[Stored records]
[Start of section]

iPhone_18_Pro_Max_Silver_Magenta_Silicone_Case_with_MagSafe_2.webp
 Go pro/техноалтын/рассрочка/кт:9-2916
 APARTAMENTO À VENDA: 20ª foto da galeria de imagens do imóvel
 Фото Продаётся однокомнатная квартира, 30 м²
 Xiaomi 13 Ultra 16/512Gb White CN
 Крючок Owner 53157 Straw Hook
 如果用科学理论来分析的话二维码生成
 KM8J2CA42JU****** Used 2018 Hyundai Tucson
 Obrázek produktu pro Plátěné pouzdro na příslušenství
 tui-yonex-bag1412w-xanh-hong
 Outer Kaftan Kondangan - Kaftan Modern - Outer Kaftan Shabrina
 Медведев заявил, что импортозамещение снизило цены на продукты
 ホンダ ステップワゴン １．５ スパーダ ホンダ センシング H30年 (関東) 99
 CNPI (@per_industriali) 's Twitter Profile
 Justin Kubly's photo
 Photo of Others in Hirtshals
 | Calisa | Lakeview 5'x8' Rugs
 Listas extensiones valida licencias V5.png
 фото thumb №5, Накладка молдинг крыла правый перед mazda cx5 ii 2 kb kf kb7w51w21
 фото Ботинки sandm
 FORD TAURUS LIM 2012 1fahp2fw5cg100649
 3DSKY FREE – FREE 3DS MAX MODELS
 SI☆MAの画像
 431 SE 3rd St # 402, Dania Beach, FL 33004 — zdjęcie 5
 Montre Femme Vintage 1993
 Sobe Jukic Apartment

[End of section]

* Exercise
Nothing but the lines from the one with "фото Ботинки sandm" through the final line of the data above should be output, exactly as written.

* Solution to this problem
 фото Ботинки sandm
 FORD TAURUS LIM 2012 1fahp2fw5cg100649
 3DSKY FREE – FREE 3DS MAX MODELS
 SI☆MAの画像
 431 SE 3rd St # 402, Dania Beach, FL 33004 — zdjęcie 5
 Montre Femme Vintage 1993
 Sobe Jukic Apartment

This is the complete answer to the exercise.